Since all entries are signed, only the holder of the log's private key (the author) can create new entries. Thus logs can be replicated via potentially untrusted peers - any attempt to alter data or create new entries can be detected. The author however could fork a log by giving different entries of the same sequence number to different peers, resulting in a directed tree rather than a log (aka a path in graph-theory parlance). This is where the backlinks come in: By iteratively traversing backlinks, any reader of the log can verify that no fork occured. Forked logs are considered invalid from the point of the earliest fork; a system using bamboo should clearly specify how to deal with forked logs. Additionally, backlinks establish a causal order on the existence of entries: Each entry guarantees that all previous entries have already existed prior in time, else their hash could not have been (transitively) included.

As a result of these properties, replication of a full log between two peers becomes very simple: The peers compare the newest sequence numbers they are aware of, and the peer with newer entries sends them and the corresponding payloads to the other peer. The receiver verifies the integrity by checking author, signature, sequence numbers, payload sizes, backlink and lipmaalink, and then stores the entries in their local copy of the log. In this mode of replication, all peers are equally capable, it does not matter where the data originated. The worst a malicious peer could do is to deliberately withhold a suffix of the log.

This simple replication of full logs is inspired by secure scuttlebutt (ssb), and it only requires each entry to include a backlink to the previous entry. The core distinction between ssb and bamboo lies in the ability to partially replicate logs. By including the additional lipmaalink, bamboo gains two crucial properties: First, the shortest path between two entries has length logarithmic in the absolute difference of their sequence numbers. So to verify the created-before relation between two entries, only a small number of additional entries is needed.
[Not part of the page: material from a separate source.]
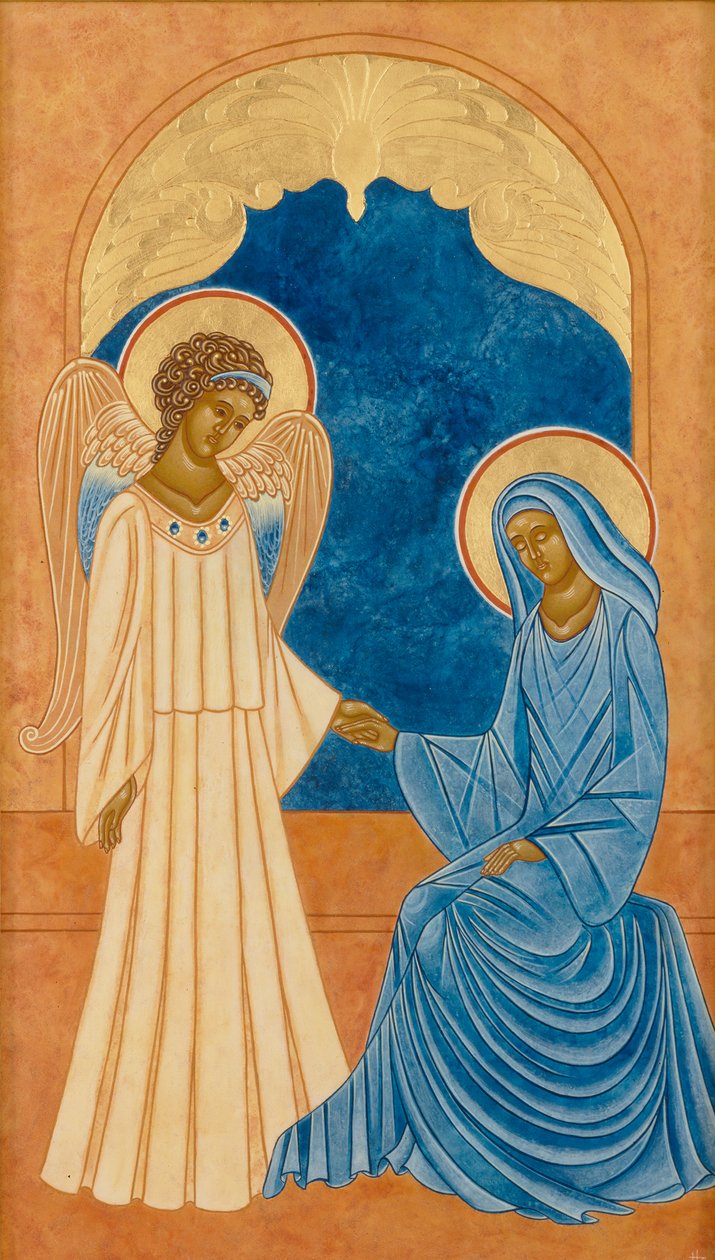Annunciation by Jodi Simmons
While this property alone allows a peer to efficiently validate parts of a log, it does not automatically lead to transitive replication. Suppose a peer only has two entries x and y, as well as all entries needed to show that there is a path of links from y to x (we call those entries a certificate for x and y). Now if another peer has entry z and wants to get entry y, the first peer may not have the entries necessary to show that there's a path of backlinks from z to y, and thus they might not be able to replicate, even though entry y itself is available. Bamboo solves this problem by assigning a (logarithmically sized) set of entries cert_pool(x) (the certificate pool of x) to each entry x, such that for all entries x and y the union of cert_pool(x) and cert_pool(y) contains a path of links from y to x (or the other way around). This allows fully transitive partial replication where peers only need to store logarithmically more entries than they are directly interested in.

Encoding

Since signatures and hashes are computed over concrete bytes rather than abstract descriptions, bamboo defines a precise binary encoding for the log entries. It uses multiformats so that new cryptographic primitives can be introduced without having to change the specification. The encoding is defined as the concatenation of the following byte strings:

  • tag, either a zero byte (0x00) to indicate a regular log entry, or a one byte (0x01) to indicate an end-of-log marker. No other values are valid. This can serve as an extension point: Future protocols that should be compatible with bamboo can use different tag values to introduce new functionality, for example signing primitives other than ed25519.
  • author, the 32 bytes that make up the ed25519 public key of the log's author
  • log_id, the 64 bit integer that serves to distinguish different logs by the same author, encoded as a canonical VarU64
  • seqnum, the sequence number of the entry, encoded as a canonical VarU64. Note that this limits the maximum size of logs to 2^64 - 1.
  • lipmaalink, the hash of an older log entry, encoded as a canonical, binary yamf-hash. For details on which entry the lipmaalink has to point to, see the next section. This is omitted if the seqnum is one, or if the seqnum is one more than the entry that would need to be hashed (including it would merely duplicate the backlink in this situation).
  • backlink, the hash of the previous log entry, encoded as a canonical, binary yamf-hash. This is omitted if the seqnum is one.
  • size, the size of the payload, encoded as a canonical VarU64.
  • payload_hash, the hash of the payload, encoded as a canonical, binary yamf-hash.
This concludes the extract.